Australia, for example, cites its close relationship with United States and Europe as an important reason to move towards greater solidarity with the United States. That middle power seems determined to defend its values and norms and abandon China despite strong trade retaliations. How then to explain Germany and France, equally traditional democratic allies of the United States, and their ambivalence towards the two great powers? They are deeply connected to China through trade and technology and also seem hesitant to fully invest themselves in technology coalitions such as the US-led democratic alliance and Clean Network. South Korea is in an even more difficult position to make the binary choice between the United States and China.
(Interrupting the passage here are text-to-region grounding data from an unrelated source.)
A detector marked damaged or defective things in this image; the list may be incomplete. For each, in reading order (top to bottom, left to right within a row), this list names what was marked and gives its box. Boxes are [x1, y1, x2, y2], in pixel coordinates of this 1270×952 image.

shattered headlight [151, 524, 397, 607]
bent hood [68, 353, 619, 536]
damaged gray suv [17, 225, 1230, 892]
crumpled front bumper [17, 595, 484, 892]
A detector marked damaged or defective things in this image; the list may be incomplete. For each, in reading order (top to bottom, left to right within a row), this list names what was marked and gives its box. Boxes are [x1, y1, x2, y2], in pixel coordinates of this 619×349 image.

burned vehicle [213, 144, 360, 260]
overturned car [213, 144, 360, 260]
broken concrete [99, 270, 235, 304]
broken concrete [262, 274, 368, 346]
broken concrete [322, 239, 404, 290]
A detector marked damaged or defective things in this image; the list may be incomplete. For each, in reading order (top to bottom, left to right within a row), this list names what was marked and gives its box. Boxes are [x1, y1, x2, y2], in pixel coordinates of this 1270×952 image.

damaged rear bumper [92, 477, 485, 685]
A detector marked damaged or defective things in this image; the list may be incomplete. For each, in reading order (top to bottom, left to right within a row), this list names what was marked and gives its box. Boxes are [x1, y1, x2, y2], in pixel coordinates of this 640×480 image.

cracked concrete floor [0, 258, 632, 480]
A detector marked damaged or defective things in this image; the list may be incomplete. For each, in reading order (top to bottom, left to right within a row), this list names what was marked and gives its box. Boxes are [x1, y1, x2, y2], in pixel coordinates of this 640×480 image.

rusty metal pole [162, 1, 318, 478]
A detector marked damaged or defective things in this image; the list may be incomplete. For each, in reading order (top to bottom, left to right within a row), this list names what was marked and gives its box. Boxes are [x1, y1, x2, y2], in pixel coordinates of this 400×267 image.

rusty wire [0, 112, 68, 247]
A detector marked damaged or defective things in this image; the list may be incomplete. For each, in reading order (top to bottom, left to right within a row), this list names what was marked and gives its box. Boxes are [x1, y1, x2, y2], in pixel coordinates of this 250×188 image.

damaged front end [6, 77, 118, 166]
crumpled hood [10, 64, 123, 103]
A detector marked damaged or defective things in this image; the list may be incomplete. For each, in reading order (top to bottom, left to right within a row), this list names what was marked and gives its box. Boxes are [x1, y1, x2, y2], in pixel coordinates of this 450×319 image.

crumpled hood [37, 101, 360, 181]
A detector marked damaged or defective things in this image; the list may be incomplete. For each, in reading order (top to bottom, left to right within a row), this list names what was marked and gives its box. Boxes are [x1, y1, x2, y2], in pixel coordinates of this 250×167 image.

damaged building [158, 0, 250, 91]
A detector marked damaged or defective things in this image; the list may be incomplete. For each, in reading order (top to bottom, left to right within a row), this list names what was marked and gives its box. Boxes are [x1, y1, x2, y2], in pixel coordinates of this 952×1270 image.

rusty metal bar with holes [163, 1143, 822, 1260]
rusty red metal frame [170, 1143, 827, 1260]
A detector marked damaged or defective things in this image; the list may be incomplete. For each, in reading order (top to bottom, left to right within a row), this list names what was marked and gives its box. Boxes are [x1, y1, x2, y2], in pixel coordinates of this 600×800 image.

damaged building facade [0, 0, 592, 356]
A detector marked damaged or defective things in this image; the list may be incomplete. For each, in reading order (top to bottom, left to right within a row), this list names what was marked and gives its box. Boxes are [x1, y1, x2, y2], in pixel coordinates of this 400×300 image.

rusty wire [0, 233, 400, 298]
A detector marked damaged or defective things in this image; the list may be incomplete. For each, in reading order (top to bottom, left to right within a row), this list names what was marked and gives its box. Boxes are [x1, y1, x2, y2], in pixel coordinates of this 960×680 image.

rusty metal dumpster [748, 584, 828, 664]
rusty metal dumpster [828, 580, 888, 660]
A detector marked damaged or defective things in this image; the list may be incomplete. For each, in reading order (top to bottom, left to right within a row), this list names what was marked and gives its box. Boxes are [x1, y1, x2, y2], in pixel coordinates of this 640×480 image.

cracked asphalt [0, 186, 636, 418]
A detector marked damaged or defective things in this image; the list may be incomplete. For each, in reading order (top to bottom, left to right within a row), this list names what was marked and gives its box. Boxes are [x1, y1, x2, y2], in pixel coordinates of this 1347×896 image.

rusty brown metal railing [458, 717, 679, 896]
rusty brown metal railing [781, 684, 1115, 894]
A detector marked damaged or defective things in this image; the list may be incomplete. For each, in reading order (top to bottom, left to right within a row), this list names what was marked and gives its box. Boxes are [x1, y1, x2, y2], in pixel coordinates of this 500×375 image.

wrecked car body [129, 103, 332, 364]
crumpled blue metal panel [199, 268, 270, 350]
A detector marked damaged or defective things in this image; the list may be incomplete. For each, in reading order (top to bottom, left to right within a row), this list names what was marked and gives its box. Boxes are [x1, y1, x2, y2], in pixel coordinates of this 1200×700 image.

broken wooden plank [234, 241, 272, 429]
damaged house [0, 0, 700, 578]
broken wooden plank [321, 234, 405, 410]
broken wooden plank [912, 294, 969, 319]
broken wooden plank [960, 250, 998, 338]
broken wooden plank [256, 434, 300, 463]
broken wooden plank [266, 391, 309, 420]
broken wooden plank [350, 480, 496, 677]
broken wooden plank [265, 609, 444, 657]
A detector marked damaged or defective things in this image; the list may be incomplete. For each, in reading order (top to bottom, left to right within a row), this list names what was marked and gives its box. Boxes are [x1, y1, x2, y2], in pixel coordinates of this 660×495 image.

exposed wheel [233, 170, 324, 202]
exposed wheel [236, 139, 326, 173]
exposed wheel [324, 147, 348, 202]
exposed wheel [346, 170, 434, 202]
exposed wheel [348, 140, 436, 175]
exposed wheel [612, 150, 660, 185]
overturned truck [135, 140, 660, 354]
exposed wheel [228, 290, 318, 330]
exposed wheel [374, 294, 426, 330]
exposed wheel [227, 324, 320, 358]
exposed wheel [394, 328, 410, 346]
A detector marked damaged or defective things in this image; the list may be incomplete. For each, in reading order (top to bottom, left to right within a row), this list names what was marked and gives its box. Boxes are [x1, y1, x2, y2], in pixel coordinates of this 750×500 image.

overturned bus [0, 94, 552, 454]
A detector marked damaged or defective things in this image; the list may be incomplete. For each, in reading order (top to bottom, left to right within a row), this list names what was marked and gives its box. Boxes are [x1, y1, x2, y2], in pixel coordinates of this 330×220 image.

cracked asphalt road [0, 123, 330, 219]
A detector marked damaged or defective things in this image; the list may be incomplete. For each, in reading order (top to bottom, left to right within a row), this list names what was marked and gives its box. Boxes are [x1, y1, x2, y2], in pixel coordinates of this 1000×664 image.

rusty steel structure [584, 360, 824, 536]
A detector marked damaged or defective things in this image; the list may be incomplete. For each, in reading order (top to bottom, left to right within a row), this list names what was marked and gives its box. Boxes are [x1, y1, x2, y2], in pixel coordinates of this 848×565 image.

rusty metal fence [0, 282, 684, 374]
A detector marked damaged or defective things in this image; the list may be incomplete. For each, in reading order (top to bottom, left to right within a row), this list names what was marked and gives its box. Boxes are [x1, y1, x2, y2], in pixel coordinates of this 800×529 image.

Unlike Australia — which is rich in natural resources and has the advantage of geopolitical distance — South Korea faces a strategic dilemma wherein to align with the United States for security and with China for the economy, risks its being abandoned by both.

There are doubts as to whether South Korea’s diplomatic and strategic concerns about China’s expanding influence can be resolved simply through participation in democratic alliances. Yet cooperation with like-minded countries, notwithstanding China’s growing strength, increases the likelihood of upholding liberal values and norms on trade and technology, and ultimately serves the national interest. The United States therefore needs to understand the unique positions of Korea and other middle powers facing the dilemma of this choice, and devise measures to compensate for the damage it may inflict.

Middle powers may often have felt dissatisfied with the framework of the postwar US-led liberal international order. At the same time, their participation in this order allowed them to maintain security and pursue a market economy, democracy and multilateralism. Their preferences lie in improving and renewing, rather than eliminating or replacing the status quo. Given the United States’ technological capabilities, many countries are also likely to continue to be dependent on US semiconductors, software, and other advanced technologies for some time yet.

The international community is doubtful about the sincerity of China’s multilateral initiatives. Beijing’s predatory behaviour in the South and East China seas, trade retaliation against South Korea and Australia, and human rights issues in Hong Kong and Xinjiang are among the reasons for this scepticism.

Middle powers can assume a leading role in resolving problems that are important to the international community such as vaccine research, climate change and maintenance of open trade. They can also have some opportunity to exert influence over the great powers through numerical superiority and a united voice.

A coalition of middle powers may not exert enough influence to challenge the dynamic of great power politics. But, if a coalition of middle powers can fill the gaps in the multilateral system and serve as a bridge connecting US and Chinese economic or security interests, both powers will recognise its utility and give it standing. The future of the liberal international order no longer depends only on the ability and willingness of the United States to continue providing global public goods but also the ability of the middle powers to ensure the order’s maintenance and development.

Shin-wha Lee is a Professor of the Department of Political Science and International Relations, Korea University and President of Korea Academic Council on the UN System (KACUNS).